*** SUPPLIED ENTRIES Section Begins ***
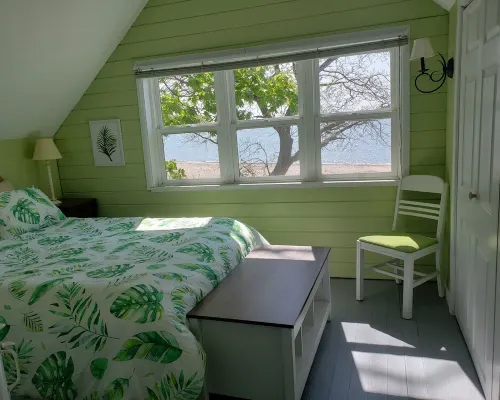 Waterfront cottage on the shores of Lake Erie. Beautiful lake front views! Hotels in Evans
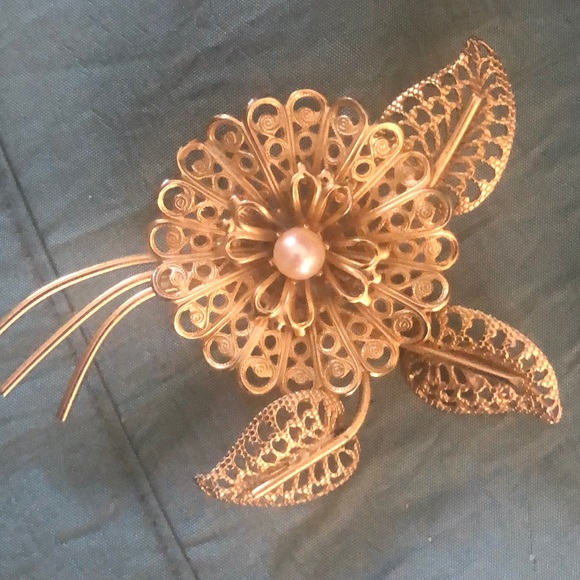 Jewelry - Floral VTG filigree gold tone and pearl brooch.
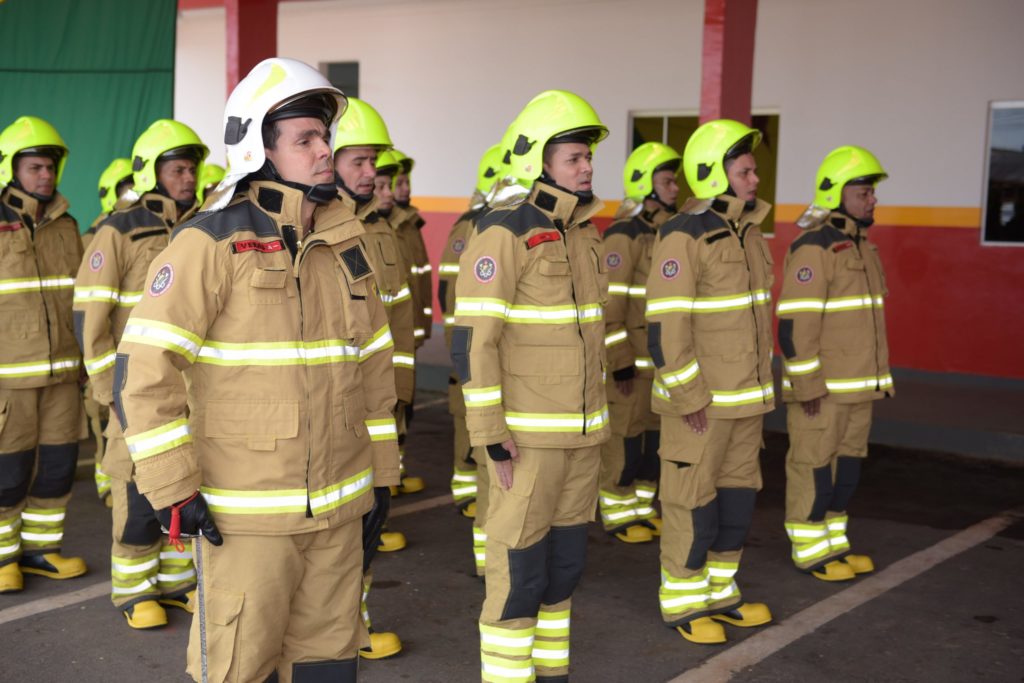 Mais de R$1 milhão é entregue em equipamentos durante troca de comando dos batalhões do Corpo de Bombeiros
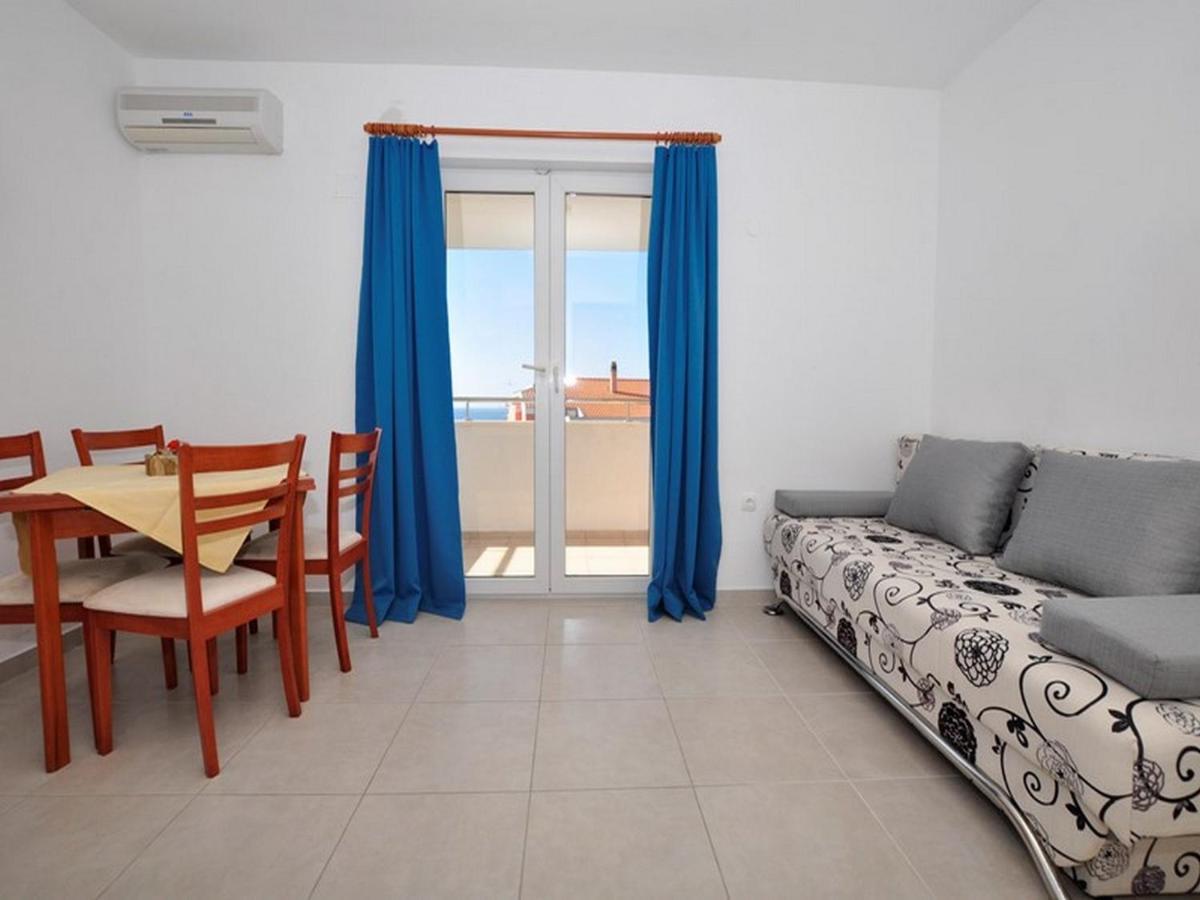 Apartments Zora Tučepi Esterno foto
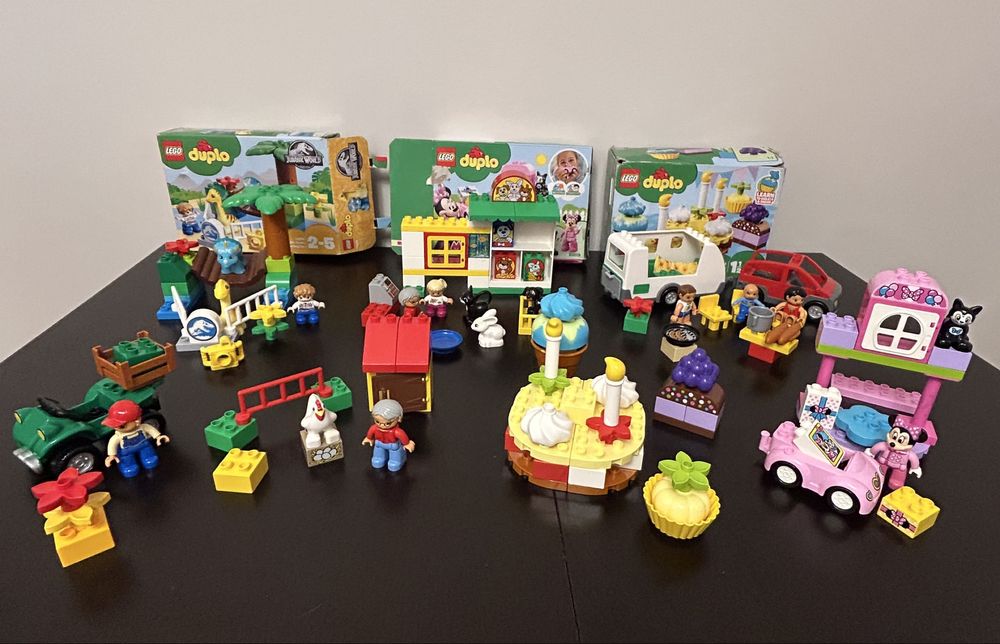Lego Duplo siedem zestawów
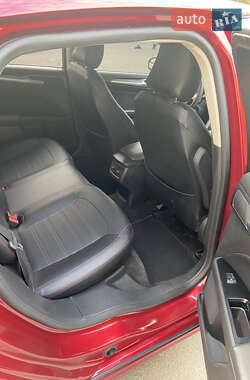 Седан Ford Fusion 2015 в 
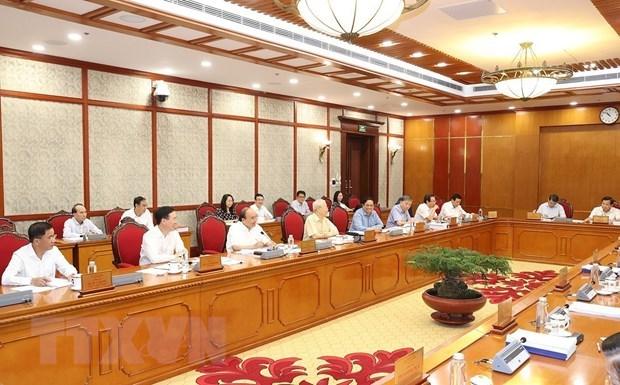 Party leader chairs meeting on important projects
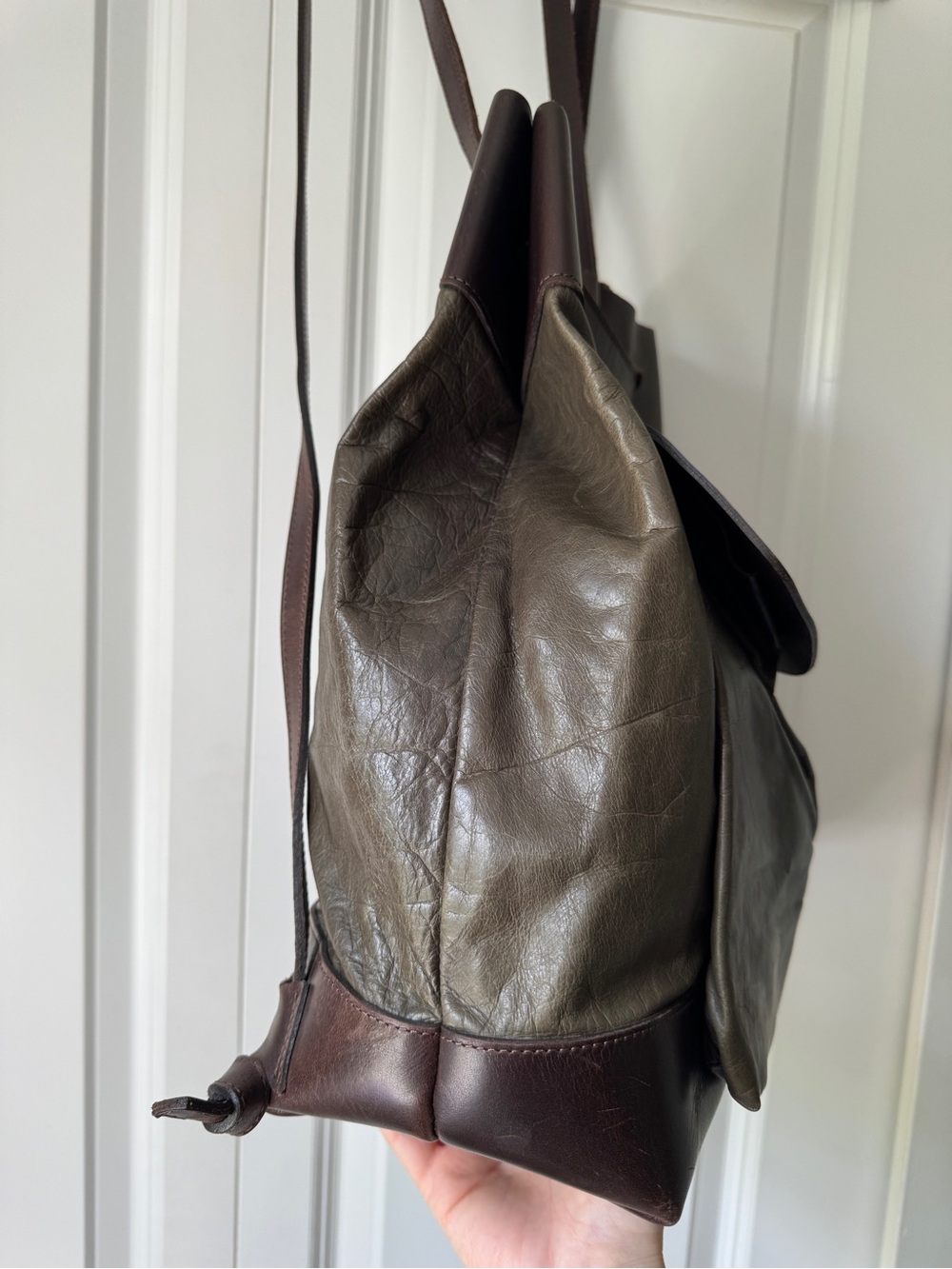 m0851 Leather Convertible Backpack Tote Bag Two Tone Olive Brown Made in Canada - Picture 10 of 14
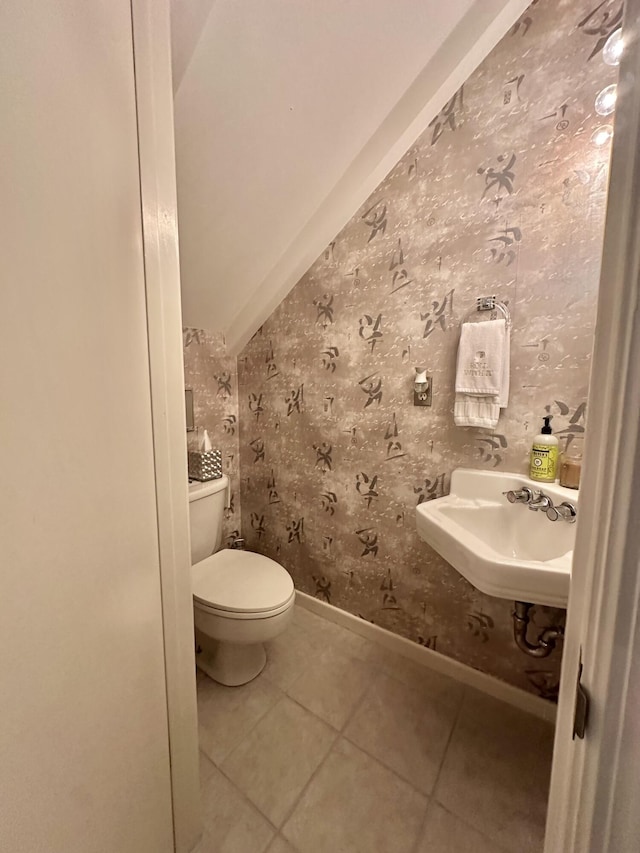 413 Fern Trl, Signal Mountain, TN 37377 - half bath featuring wallpapered walls, a sink, baseboards, tile patterned flooring, and toilet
*** SUPPLIED ENTRIES Section Ends ***
HOW TO COMPLETE THIS TASK: From the line that contains "Apartments Zora Tučepi Esterno foto" to the last line of the records above, copy each line exactly, both ends included, and leave the pictures out.

RESPONSE TO THE EXERCISE:
 Apartments Zora Tučepi Esterno foto
Lego Duplo siedem zestawów
 Седан Ford Fusion 2015 в 
 Party leader chairs meeting on important projects
 m0851 Leather Convertible Backpack Tote Bag Two Tone Olive Brown Made in Canada - Picture 10 of 14
 413 Fern Trl, Signal Mountain, TN 37377 - half bath featuring wallpapered walls, a sink, baseboards, tile patterned flooring, and toilet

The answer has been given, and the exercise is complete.